Task statement: Could the listing be repeated exactly, with every picture dropped?

Provided data:

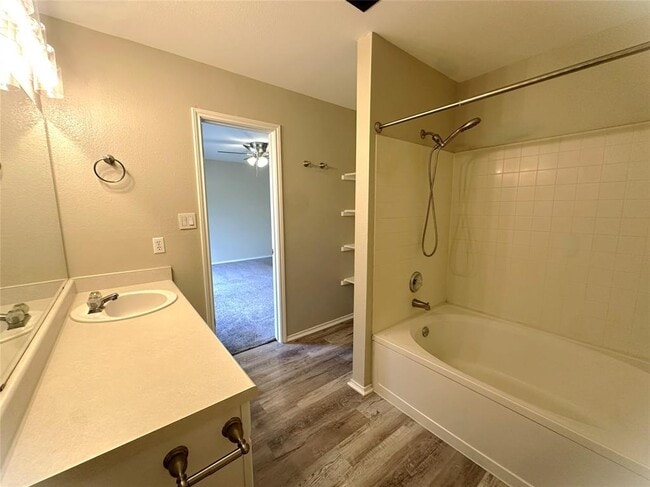 Building Photo - 610 Riverway Ln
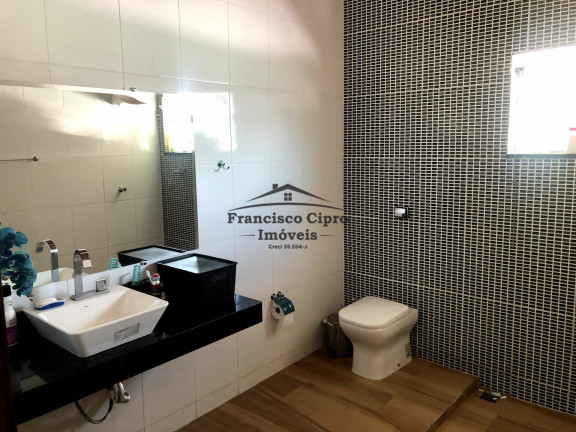 Imagem Sobrado com 3 Quartos à Venda, 300 m² em Vila Dos Comerciarios - Guaratinguetá Imagem Sobrado com 3 Quartos à Venda, 300 m² em Vila Dos Comerciarios - Guaratinguetá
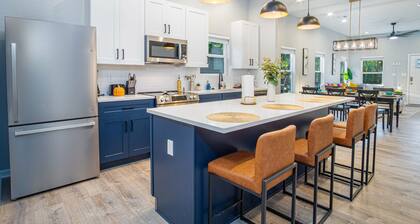 Experience Convenience w 4BR 3BA Near Alamodome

Finished task:
 Building Photo - 610 Riverway Ln
 Imagem Sobrado com 3 Quartos à Venda, 300 m² em Vila Dos Comerciarios - Guaratinguetá Imagem Sobrado com 3 Quartos à Venda, 300 m² em Vila Dos Comerciarios - Guaratinguetá
 Experience Convenience w 4BR 3BA Near Alamodome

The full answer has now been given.